Task requirements
Your job with the data below is to output exactly the lines from the one holding "Marketing graphic for" down to the one holding "Maktec MT071 - 3", both included, and no others.

The records
++++++++++++++++++++

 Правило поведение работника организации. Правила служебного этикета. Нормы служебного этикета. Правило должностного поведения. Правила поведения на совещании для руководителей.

++++++++++++++++++++

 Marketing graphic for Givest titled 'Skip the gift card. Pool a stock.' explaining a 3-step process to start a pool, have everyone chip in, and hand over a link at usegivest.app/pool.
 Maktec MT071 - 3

++++++++++++++++++++

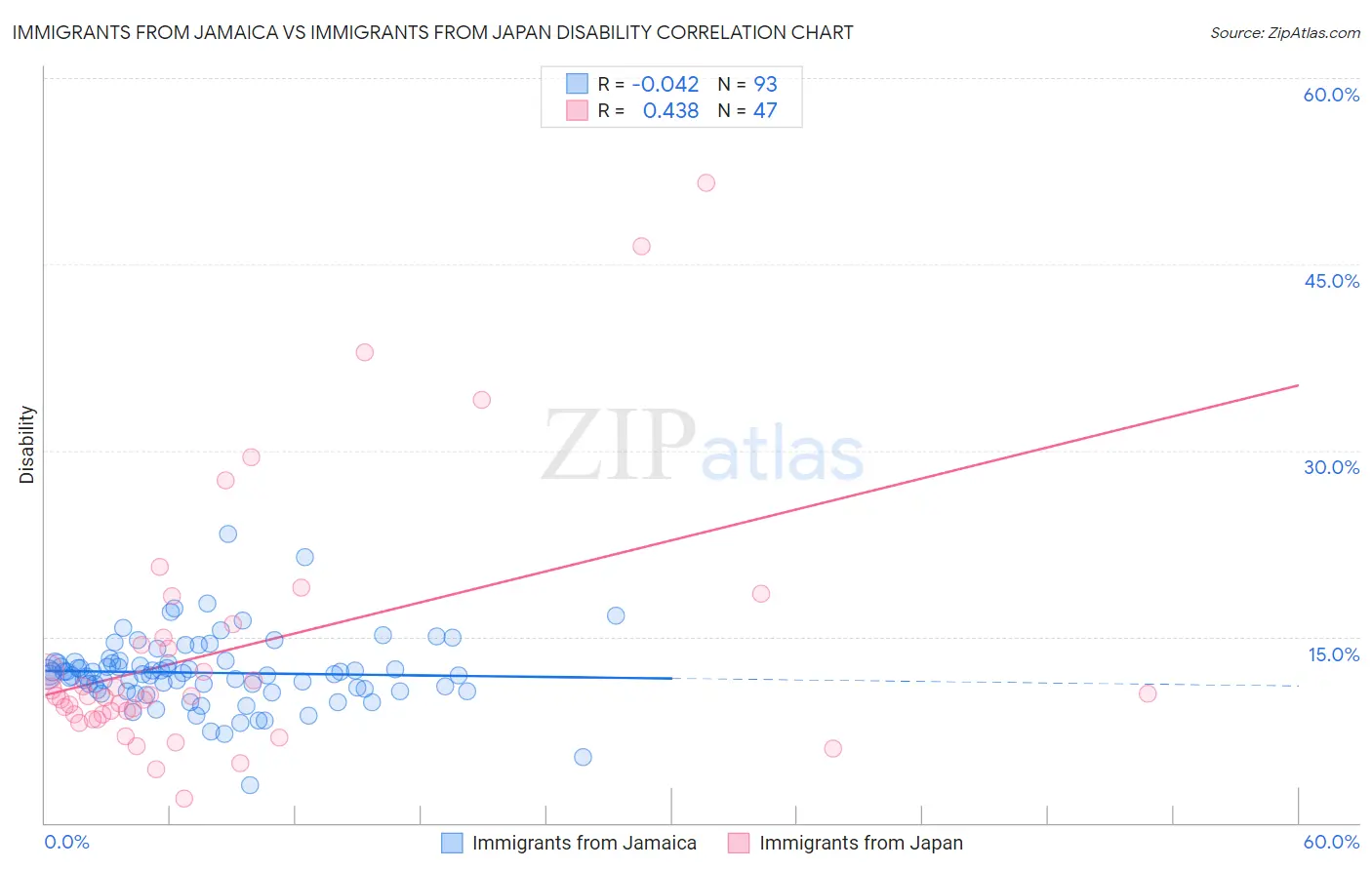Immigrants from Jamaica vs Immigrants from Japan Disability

++++++++++++++++++++

Reply
 Marketing graphic for Givest titled 'Skip the gift card. Pool a stock.' explaining a 3-step process to start a pool, have everyone chip in, and hand over a link at usegivest.app/pool.
 Maktec MT071 - 3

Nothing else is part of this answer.